_REQUIRED ACTION_
Would you return the listing exactly as written, apart from its pictures?

====== SOURCE MATERIAL

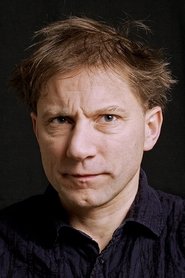 Simon McBurney portrait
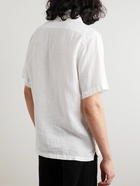 C.P. Company - Linen Shirt - White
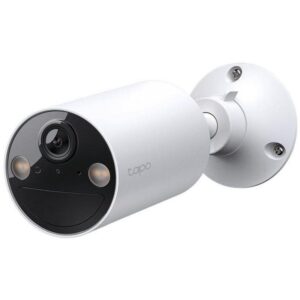Cámara de Videovigilancia TP-Link Tapo TC82/ Visión Nocturna/ Control desde APP - 4895252506129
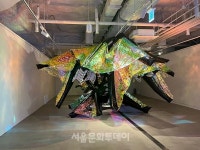 《휘릭, 뒹굴~ 탁!》展, 우리를 둘러싼 환경에 대한 미술적 성찰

============

_EXPECTED ANSWER_
 Simon McBurney portrait
 C.P. Company - Linen Shirt - White
Cámara de Videovigilancia TP-Link Tapo TC82/ Visión Nocturna/ Control desde APP - 4895252506129
 《휘릭, 뒹굴~ 탁!》展, 우리를 둘러싼 환경에 대한 미술적 성찰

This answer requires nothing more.